The present study has some limitations. First, although the response rates to the questionnaires were very high, not all attendees were asked to participate due to practical reasons. Second, the retrospective questionnaire (Q-retro) may have diluted the clarity of the results, for example, due to recall bias. We have decided to include this questionnaire to learn as much as possible from the participantsā€™ experiences. Finally, the study was conducted in one specific genetically isolated population, and the results may therefore not be generalizable to other genetically isolated populations or to the general population.

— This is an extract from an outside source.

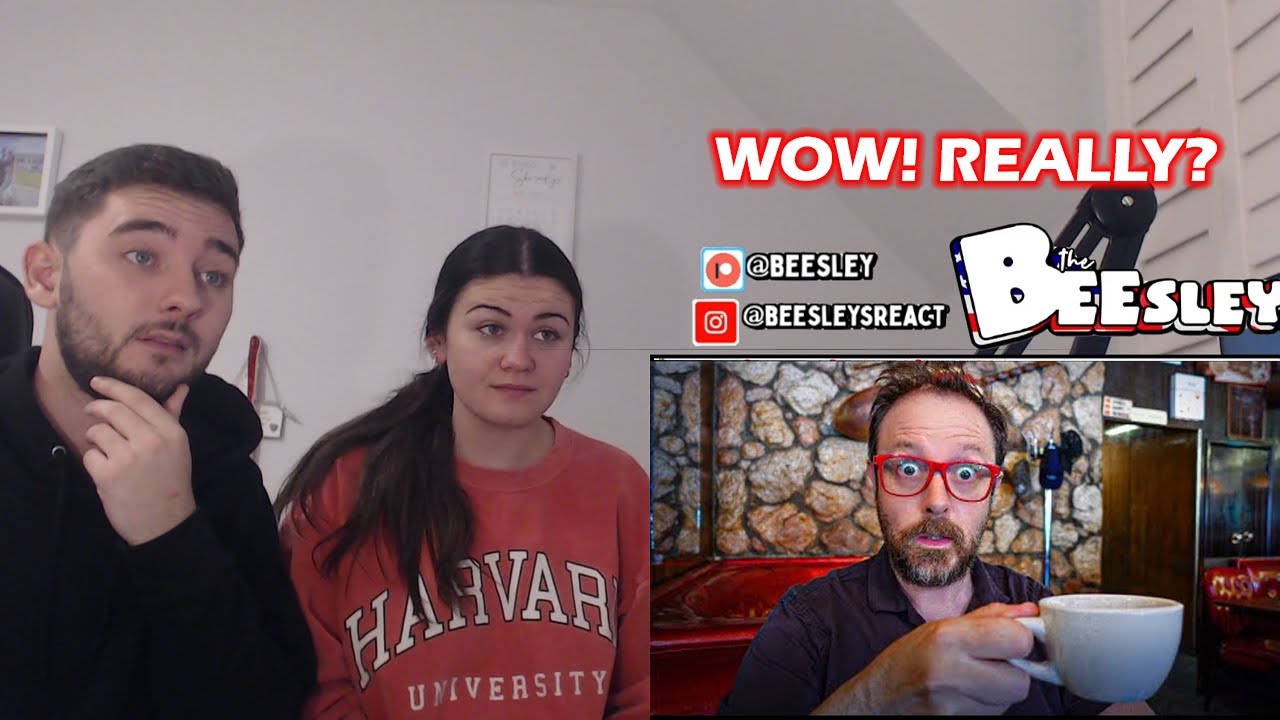 British Couple Reacts to American Social Etiquette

To conclude, an offer of carrier screening for specific multiple disorders simultaneously in a Dutch founder population was valued as positive and individuals who attended the carrier screening were very satisfied. Although this study was conducted in a genetically isolated village, and the results are not representative for other populations/countries, our experiences can be helpful for the implementation of carrier screening for multiple disorders in other genetically isolated populations and of ECS in the general population. Important in this context is that we have found no evidence that screening for multiple disorders will cause major adverse psychological effects. Moreover, the recall and interpretation of test results may become more challenging for participants in multiple disorder carrier screening, which requires explicit attention in information provision and counseling.